### [Exercise prompt]
Copy each line below holding "first".

### [Data for this exercise]
● ● ● ● ●

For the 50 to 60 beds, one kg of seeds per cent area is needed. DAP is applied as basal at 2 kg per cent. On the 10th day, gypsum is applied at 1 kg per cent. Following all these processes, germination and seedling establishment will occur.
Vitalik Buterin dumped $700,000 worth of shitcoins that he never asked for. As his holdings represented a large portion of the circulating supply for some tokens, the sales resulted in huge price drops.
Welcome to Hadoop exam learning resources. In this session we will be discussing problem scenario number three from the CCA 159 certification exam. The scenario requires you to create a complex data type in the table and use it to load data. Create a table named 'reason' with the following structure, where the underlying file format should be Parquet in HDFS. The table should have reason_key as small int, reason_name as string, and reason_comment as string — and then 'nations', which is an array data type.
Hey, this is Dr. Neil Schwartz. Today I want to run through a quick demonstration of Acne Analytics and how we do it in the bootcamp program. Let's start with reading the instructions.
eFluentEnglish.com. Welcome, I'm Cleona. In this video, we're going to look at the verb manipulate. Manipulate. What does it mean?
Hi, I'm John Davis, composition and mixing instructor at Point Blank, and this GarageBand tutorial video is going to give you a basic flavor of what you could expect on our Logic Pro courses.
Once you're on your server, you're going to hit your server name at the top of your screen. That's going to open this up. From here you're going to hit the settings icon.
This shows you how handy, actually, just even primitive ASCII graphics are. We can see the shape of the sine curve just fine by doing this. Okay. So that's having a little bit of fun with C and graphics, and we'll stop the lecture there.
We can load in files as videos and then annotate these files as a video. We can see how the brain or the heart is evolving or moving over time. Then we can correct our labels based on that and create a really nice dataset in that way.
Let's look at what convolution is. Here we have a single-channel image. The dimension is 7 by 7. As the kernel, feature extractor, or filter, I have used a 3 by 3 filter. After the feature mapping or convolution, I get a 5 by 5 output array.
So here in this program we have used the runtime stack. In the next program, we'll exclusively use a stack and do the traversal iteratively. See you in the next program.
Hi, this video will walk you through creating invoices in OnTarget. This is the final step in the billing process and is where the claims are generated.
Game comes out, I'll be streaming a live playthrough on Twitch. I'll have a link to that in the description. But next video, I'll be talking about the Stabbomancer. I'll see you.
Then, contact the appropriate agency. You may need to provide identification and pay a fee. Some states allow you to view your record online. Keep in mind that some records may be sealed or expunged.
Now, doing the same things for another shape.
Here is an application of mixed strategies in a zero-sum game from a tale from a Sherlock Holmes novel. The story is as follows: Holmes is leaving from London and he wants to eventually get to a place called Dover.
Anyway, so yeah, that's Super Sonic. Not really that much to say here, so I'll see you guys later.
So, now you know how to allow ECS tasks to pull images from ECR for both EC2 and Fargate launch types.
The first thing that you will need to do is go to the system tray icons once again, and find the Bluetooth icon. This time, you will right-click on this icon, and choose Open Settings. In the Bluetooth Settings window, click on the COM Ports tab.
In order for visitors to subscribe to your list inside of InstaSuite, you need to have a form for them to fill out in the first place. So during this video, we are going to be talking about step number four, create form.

● ● ● ● ●

### [Response]
The first thing that you will need to do is go to the system tray icons once again, and find the Bluetooth icon. This time, you will right-click on this icon, and choose Open Settings. In the Bluetooth Settings window, click on the COM Ports tab.
In order for visitors to subscribe to your list inside of InstaSuite, you need to have a form for them to fill out in the first place. So during this video, we are going to be talking about step number four, create form.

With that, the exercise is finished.